Operator calls Media Bureau decision an "unprecedented and unlawful rush to judgment"

By John Eggerton -- Broadcasting & Cable, 12/31/2008 7:23:00 AM

Comcast has told the FCC that it believes the Media Bureau broke the law when it terminated an administrative law judge (ALJ) hearing on program access complaints and decided to judge them itself.

Comcast made that assertion in a filing for emergency review Tuesday, saying the Christmas Eve decision was unlawful because it lacked the authority and because the ALJ still had jurisdiction. It also asked for an emergency stay of the Media Bureau order.
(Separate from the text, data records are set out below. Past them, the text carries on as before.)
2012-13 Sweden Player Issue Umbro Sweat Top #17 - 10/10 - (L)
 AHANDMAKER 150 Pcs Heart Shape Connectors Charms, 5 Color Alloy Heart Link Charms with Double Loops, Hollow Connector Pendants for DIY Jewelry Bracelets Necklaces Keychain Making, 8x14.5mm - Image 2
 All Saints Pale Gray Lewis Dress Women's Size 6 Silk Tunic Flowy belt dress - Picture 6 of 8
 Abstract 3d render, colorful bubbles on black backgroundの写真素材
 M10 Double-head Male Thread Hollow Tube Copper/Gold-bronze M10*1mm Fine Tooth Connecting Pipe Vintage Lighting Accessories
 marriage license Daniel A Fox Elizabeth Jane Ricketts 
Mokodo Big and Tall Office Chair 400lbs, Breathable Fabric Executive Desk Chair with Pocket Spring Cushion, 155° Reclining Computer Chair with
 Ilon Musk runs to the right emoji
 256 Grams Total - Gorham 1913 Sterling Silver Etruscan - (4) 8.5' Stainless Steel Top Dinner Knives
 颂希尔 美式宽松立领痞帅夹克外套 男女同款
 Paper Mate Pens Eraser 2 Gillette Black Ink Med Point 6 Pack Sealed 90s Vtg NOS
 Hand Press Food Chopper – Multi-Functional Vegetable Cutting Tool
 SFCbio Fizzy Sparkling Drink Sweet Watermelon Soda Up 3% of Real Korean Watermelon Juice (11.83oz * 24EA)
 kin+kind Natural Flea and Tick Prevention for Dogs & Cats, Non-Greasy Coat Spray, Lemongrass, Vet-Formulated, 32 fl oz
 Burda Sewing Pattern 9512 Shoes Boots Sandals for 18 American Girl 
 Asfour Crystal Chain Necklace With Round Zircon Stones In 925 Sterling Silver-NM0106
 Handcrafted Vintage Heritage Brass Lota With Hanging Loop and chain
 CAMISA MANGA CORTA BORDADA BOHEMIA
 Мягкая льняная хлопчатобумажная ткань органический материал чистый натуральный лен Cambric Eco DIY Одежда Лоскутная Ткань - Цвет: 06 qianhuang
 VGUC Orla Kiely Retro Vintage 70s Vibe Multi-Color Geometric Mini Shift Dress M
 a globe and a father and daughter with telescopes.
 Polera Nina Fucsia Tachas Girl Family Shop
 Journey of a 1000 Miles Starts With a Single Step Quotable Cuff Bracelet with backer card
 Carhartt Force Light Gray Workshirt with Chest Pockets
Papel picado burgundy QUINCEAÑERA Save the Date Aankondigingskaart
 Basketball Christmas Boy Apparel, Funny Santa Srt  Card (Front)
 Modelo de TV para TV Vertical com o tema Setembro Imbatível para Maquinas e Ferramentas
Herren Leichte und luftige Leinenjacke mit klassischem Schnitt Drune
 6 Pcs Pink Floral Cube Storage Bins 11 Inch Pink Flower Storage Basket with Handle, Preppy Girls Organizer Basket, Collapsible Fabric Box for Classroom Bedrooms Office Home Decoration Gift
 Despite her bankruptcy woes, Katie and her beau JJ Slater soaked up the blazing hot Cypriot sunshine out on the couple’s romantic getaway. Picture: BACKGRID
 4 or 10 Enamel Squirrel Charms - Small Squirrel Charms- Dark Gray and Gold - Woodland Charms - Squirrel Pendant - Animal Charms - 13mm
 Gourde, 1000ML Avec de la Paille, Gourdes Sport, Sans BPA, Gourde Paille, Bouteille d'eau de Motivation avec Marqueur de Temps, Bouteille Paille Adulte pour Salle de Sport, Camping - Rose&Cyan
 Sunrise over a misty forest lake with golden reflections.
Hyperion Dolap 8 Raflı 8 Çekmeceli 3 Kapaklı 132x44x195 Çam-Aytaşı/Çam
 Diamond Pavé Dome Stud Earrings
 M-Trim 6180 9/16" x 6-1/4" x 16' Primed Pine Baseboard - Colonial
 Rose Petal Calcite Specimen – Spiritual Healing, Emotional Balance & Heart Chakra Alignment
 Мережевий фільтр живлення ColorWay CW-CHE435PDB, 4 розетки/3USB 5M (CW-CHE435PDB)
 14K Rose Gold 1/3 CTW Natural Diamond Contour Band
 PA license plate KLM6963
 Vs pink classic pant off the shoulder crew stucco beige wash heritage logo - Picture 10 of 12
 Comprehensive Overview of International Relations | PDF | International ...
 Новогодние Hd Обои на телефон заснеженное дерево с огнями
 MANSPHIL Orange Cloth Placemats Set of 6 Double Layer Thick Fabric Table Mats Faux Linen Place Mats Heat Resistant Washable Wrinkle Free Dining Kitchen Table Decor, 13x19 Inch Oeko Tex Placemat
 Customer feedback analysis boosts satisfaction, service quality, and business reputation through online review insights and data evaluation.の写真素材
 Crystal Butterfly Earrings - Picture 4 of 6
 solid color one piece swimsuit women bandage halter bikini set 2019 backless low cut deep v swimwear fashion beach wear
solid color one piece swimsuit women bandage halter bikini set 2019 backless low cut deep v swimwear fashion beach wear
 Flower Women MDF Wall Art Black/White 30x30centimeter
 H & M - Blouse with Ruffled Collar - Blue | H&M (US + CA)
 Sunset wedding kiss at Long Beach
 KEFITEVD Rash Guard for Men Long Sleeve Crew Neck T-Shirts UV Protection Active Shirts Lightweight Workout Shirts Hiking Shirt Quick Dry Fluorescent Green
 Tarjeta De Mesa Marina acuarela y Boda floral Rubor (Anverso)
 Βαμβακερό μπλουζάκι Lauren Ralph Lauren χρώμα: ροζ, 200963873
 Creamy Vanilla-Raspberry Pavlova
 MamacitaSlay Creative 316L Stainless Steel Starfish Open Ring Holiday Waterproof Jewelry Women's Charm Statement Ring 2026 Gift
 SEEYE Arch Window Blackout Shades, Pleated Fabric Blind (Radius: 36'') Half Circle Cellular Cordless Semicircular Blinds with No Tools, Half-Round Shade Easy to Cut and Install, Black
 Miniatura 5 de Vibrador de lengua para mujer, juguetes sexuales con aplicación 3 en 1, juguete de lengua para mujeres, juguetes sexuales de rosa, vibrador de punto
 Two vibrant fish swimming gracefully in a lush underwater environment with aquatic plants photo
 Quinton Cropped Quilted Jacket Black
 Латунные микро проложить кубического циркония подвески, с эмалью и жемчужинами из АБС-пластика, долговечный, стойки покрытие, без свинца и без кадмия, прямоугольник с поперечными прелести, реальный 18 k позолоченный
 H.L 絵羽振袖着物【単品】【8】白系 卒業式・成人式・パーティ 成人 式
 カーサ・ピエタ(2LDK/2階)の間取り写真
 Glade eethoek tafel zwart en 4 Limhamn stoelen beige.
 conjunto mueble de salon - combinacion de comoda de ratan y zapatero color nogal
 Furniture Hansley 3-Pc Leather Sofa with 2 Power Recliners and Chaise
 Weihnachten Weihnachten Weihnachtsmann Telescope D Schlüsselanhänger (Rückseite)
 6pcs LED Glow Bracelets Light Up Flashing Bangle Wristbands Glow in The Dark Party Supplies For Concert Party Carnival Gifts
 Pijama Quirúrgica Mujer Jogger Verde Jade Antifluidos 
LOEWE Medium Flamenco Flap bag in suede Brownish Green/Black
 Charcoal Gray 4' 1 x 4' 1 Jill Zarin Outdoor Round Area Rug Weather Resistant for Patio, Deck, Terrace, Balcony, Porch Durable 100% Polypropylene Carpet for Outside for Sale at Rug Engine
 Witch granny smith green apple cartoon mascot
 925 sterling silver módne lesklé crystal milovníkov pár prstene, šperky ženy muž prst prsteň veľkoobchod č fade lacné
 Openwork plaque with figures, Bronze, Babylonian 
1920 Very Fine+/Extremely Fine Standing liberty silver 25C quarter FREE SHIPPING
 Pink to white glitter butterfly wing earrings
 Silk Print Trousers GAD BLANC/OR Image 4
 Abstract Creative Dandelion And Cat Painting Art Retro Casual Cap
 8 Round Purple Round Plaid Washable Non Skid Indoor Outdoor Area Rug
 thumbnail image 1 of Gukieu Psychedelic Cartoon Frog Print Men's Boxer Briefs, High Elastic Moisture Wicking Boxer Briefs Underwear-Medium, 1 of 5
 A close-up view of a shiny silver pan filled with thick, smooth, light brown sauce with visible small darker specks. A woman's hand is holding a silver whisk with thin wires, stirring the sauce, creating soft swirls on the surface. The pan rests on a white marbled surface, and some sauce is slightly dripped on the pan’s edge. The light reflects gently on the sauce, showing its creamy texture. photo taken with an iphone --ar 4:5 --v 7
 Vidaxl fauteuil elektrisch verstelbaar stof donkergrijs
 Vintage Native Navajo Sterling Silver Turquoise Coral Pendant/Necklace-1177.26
Comcast, which had signaled it was pondering its legal options, also said that the complaints needed a "trial-type" hearing before the judge rather than an "unprecedented and unlawful rush to judgment" by the Media Bureau.

Putting the complaints back in the hands of a judge would also free the FCC to concentrate on the DTV transition, Comcast said, evoking the advice from Capitol Hill to do just that.

That petition came the same day FCC Chairman Kevin Martin told reporters there was "no question" that the Media Bureau had been within its authority to make that call since it had initially delegated the adjudication of the complaints to the ALJ with instructions to come to a decision within 60 days. Once the judge did not do so, saying it was too short a time frame, the ALJ no longer had authority absent a subsequent order from the bureau.

According to a Comcast spokeswoman, Time Warner has also petitioned the ALJ to reaffirm the timetable for judging the complaints that existed before the Media Bureau stepped in.

As it currently stands, the FCC's Media Bureau has said it would now decide the complaints. That came after it initially sent them to the judge for fact-finding and a recommendation within 60 days (by Dec. 9). That finding would then be put before the FCC commissioners for a final vote.

Chairman Martin had wanted the commission to find against the cable operators initially, but other commissioners had wanted it referred to a judge for more adjudication.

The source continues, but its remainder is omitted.